分组构造通常仅用于将限定符应用于多个语言元素,而非应用于捕获的子字符串。 例如,如果下面的正则表达式:
\b\(?((\w+),?\s?)+[\.!?]\)?
旨在仅从文档提取末尾有句号、感叹点或问号的句子,仅产生的句子(这由 Match 对象表示)有意义。 集合中的各单词不是。
随后未使用的捕获组可能很昂贵,因为正则表达式引擎必须填充 GroupCollection 和 CaptureCollection 集合对象。 或者,也可以使用 RegexOptions.ExplicitCapture 选项或 n 内联选项,来指定显式命名的唯一有效捕获或由 (?<名称> 子表达式) 构造指定的已编号的组。
以下示例显示 \b\(?((\w+),?\s?)+[\.!?]\)? 正则表达式模式在 Match 方法被调用且没有 RegexOptions.ExplicitCapture 选项时返回的匹配信息。 如第一个方法调用输出所示,正则表达式引擎使用有关已捕获的子字符串的信息完全填充 GroupCollection 和 CaptureCollection 集合对象。 因为第二个方法使用设置为 RegexOptions.ExplicitCapture 的 options 进行调用,所以它不会捕获有关组的信息。
Imports System.Text.RegularExpressions
Module Example
Public Sub Main()
Dim input As String = "This is the first sentence. Is it the beginning " + _
"of a literary masterpiece? I think not. Instead, " + _
"it is a nonsensical paragraph."
Dim pattern As String = "\b\(?((?>\w+),?\s?)+[\.!?]\)?"
Console.WriteLine("With implicit captures:")
For Each match As Match In Regex.Matches(input, pattern)
Console.WriteLine("The match: {0}", match.Value)

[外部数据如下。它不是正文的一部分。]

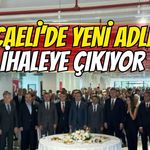 Kocaeli’de Yeni Adli Yıl Başladı: 8 Yeni Mahkeme Kuruldu, Yeni Adliye İhaleye Çıkıyor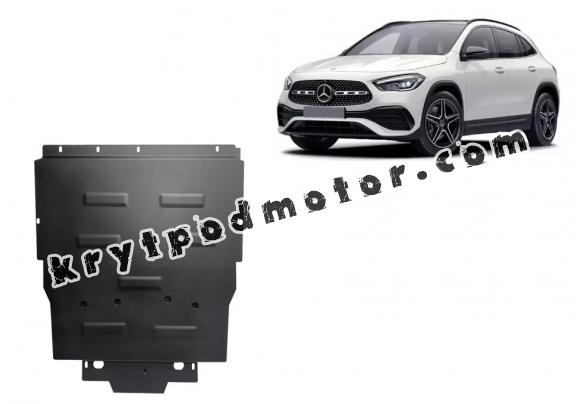 Kryt pod motor Mercedes GLA H247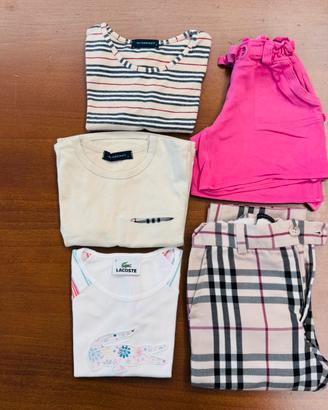 Lotto Firmato bambina  18-24 Mesi (86-92 cm)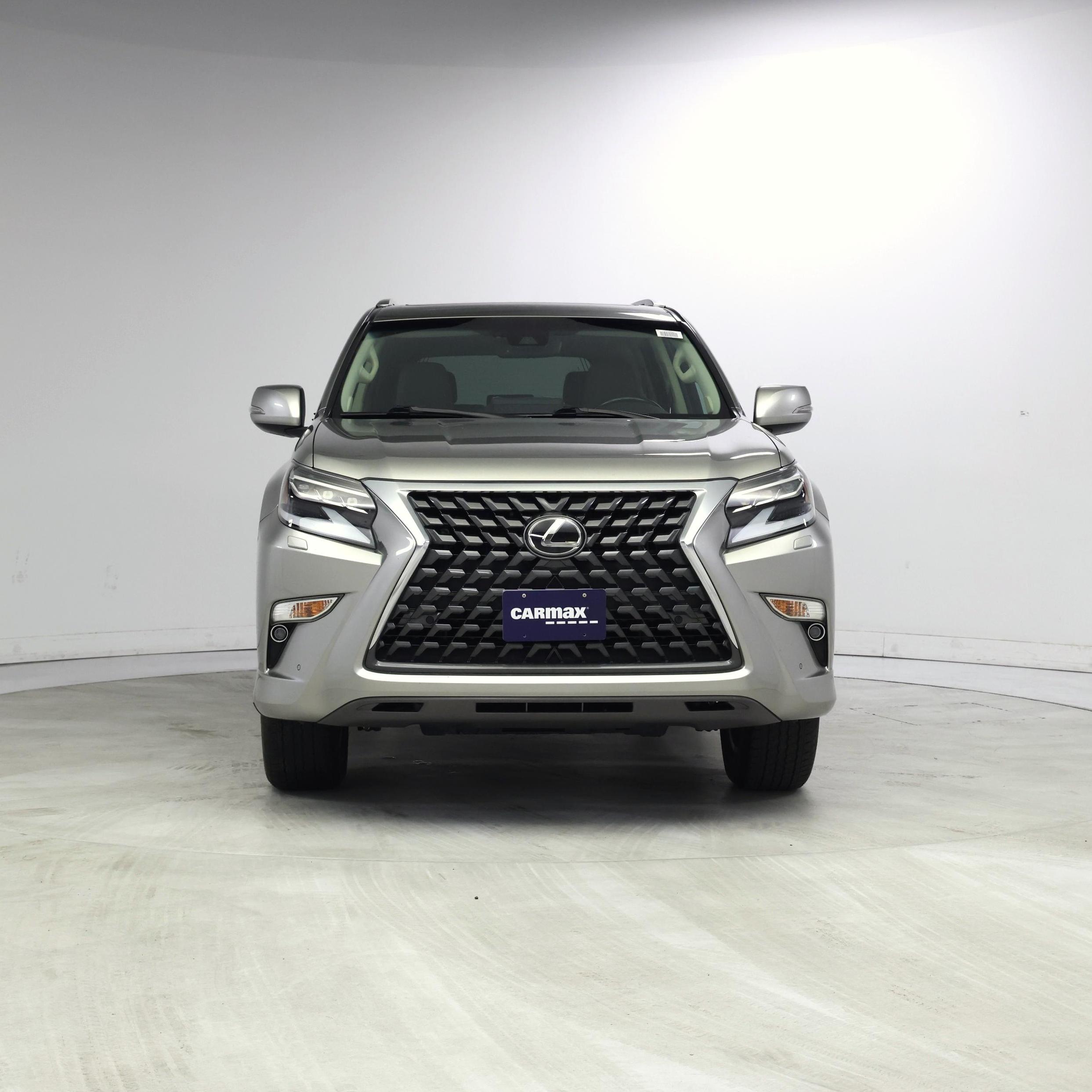 Thumbnail: 2022 Lexus GX - 5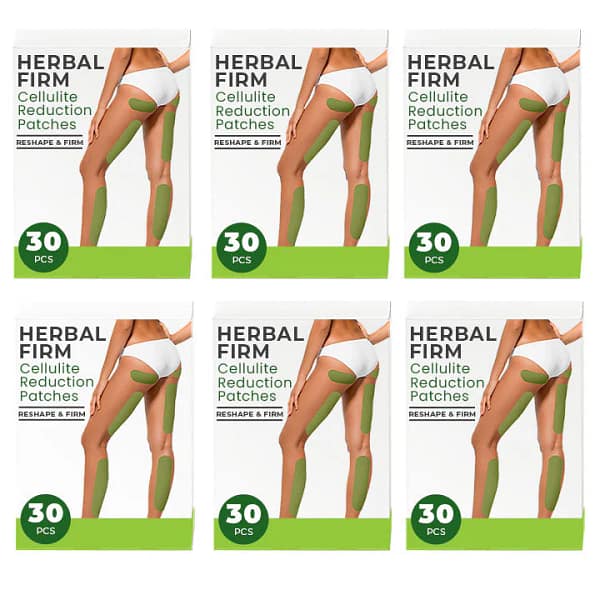 Fivfivgo™ HerbalFirm Cellulite Reduction Patches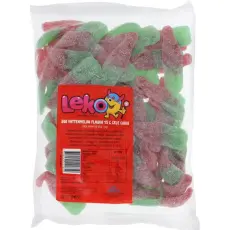 Leko Sur Vattenmelonsflaska 1kg Coopers Candy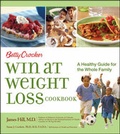 Cover: Betty Crocker Win at Weight Loss Cookbook - Wiley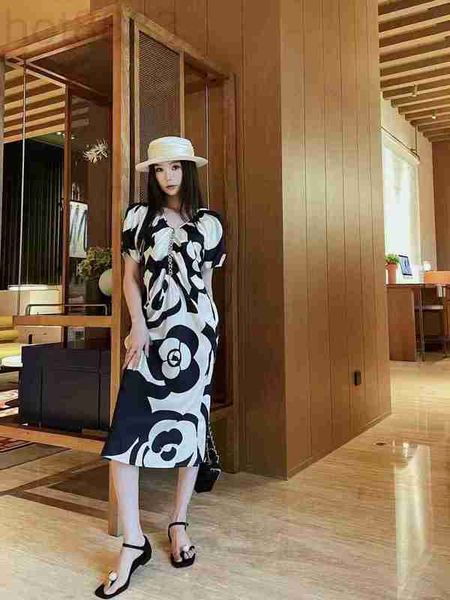 basic & casual dresses designer high end 2023 summer new camellia pattern temperament celebrity style long dress ienx, Black;gray
basic & casual dresses designer high end 2023 summer new camellia pattern temperament celebrity style long dress ienx, Black;gray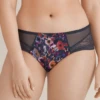 Conturelle Art Floral Boyshort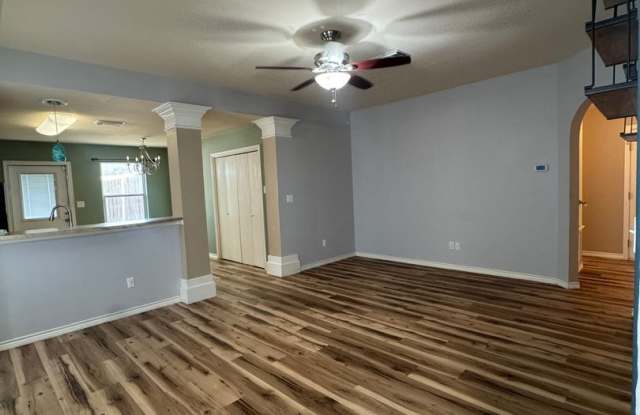 3-Bedroom, 2-Bath Rental Home – 1,237 Sq. Ft. Gallery 4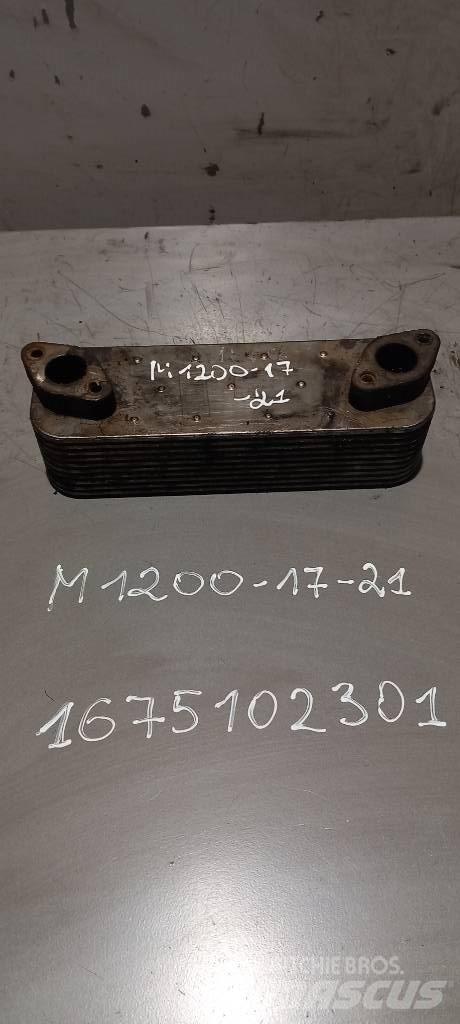 MAN TGA     81675102301 发动机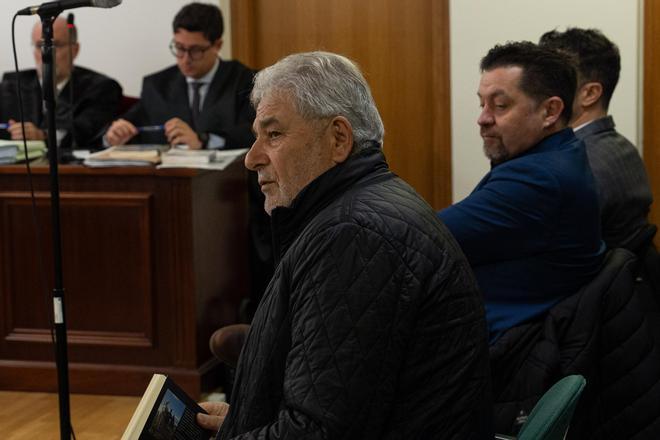 El fiscal pide que se desestime la demanda de Oubiña por 1,5 millones a la productora de 'Fariña'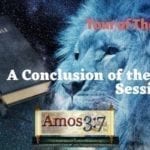 Tour of The Bible Session 24 Video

Dim groupCtr As Integer = 0
For Each group As Group In match.Groups
Console.WriteLine(" Group {0}: {1}", groupCtr, group.Value)
groupCtr += 1
Dim captureCtr As Integer = 0
For Each capture As Capture In group.Captures
Console.WriteLine(" Capture {0}: {1}", captureCtr, capture.Value)
captureCtr += 1
Next
Next
Next
Console.WriteLine()
Console.WriteLine("With explicit captures only:")
For Each match As Match In Regex.Matches(input, pattern, RegexOptions.ExplicitCapture)
Console.WriteLine("The match: {0}", match.Value)
Dim groupCtr As Integer = 0
For Each group As Group In match.Groups
Console.WriteLine(" Group {0}: {1}", groupCtr, group.Value)
groupCtr += 1
Dim captureCtr As Integer = 0
For Each capture As Capture In group.Captures
Console.WriteLine(" Capture {0}: {1}", captureCtr, capture.Value)
captureCtr += 1
Next
Next
Next
End Sub
End Module
' The example displays the following output:
' With implicit captures:
' The match: This is the first sentence.
' Group 0: This is the first sentence.
' Capture 0: This is the first sentence.
' Group 1: sentence
' Capture 0: This
' Capture 1: is
' Capture 2: the
' Capture 3: first
' Capture 4: sentence
' Group 2: sentence
' Capture 0: This
' Capture 1: is
' Capture 2: the
' Capture 3: first
' Capture 4: sentence
' The match: Is it the beginning of a literary masterpiece?
' Group 0: Is it the beginning of a literary masterpiece?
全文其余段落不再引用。